▶ Supplied information

━━━

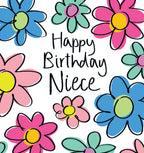 Niece - birthday card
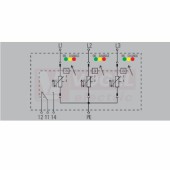 VPU AC II 3 R 300/50 Y přepěťová ochrana typ 1+3 (L1-L2-L3/PE), I imp 20kA/50kA (8/20µs), Uc 300V, s dálk.signalizací (2639330000)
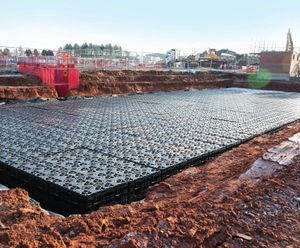 Rapid installation of AquaCell NG SuDS system - Worksop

━━━

▶ Aim of the task
Extract exactly the lines above from the line containing "VPU AC II 3" through the last one, both ends included, but not the pictures.

▶ Exercise result
 VPU AC II 3 R 300/50 Y přepěťová ochrana typ 1+3 (L1-L2-L3/PE), I imp 20kA/50kA (8/20µs), Uc 300V, s dálk.signalizací (2639330000)
 Rapid installation of AquaCell NG SuDS system - Worksop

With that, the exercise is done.